Die Maske feiert 32. Geburtstag: Der Film, der Jim Carrey zum König der Komödie der 90er machte
Die Komödie, die Cameron Diaz berühmt machte und die Spezialeffekte in Hollywood revolutionierte
Die Komödie, die Cameron Diaz berühmt machte und die Spezialeffekte in Hollywood revolutionierte
Vor genau 32 Jahren, am 29. Juli 1994, kam der Film Die Maske (The Mask) in die Kinos und veränderte die Karriere von Jim Carrey für immer. Wie Index.hr heute erinnert, machte diese explosive Komödie Carrey nicht nur zum globalen Star, sondern stellte auch die Debütantin Cameron Diaz vor und läutete eine neue Ära der visuellen Effekte im Unterhaltungsfilm ein.

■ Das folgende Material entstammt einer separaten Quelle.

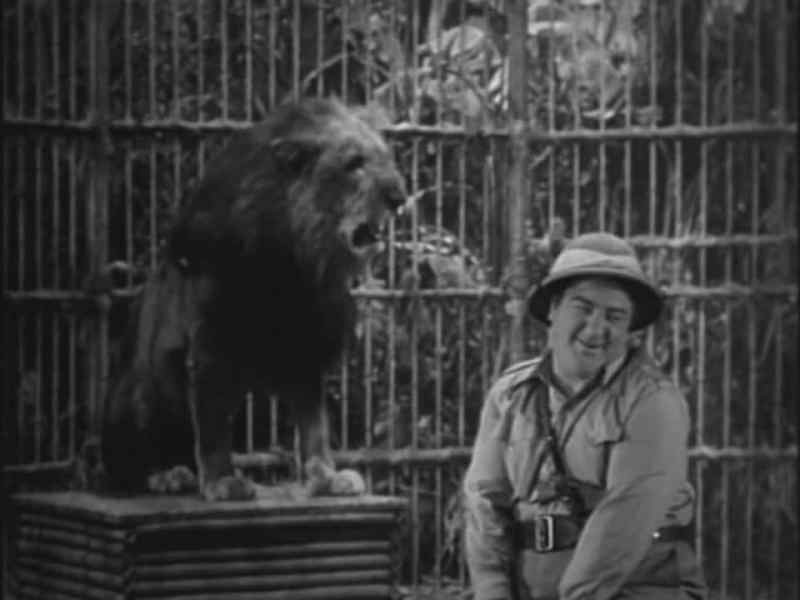 They didn't know you was inside the lion skin!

Die Handlung dreht sich um Stanley Ipkiss, einen gutmütigen und übersehenen Bankangestellten, dessen Leben auf den Kopf gestellt wird, als er eine alte Maske findet, die mit dem nordischen Gott des Unfugs Loki verbunden ist. Wenn er sie aufsetzt, verwandelt er sich in die Maske, einen lebhaften, unzerstörbaren Charakter, der seine Gestalt verändern und die Gesetze der Physik brechen kann. Die Maske gibt ihm das Selbstvertrauen, die Aufmerksamkeit der verführerischen Sängerin Tina Carlyle zu gewinnen, während er sich gleichzeitig mit den Schurken auf eine Weise auseinandersetzt, die sowohl urkomisch als auch chaotisch ist.
Obwohl Jim Carrey bereits durch die Comedy-Serie In Living Color bekannt war, katapultierte ihn erst Die Maske ins weltweite Rampenlicht. Seine Kombination aus unglaublicher Energie und Hingabe zur Rolle schuf eine Kultfigur, deren Sprüche, wie das legendäre "Ssssssmokin'!", sofort in die Popkultur eingingen. Wie Index berichtet, war 1994 für Carrey ein Jahr der absoluten Dominanz in der Komödie; im selben Jahr drehte er auch die Hits Ace Ventura und Dumm und dümmer.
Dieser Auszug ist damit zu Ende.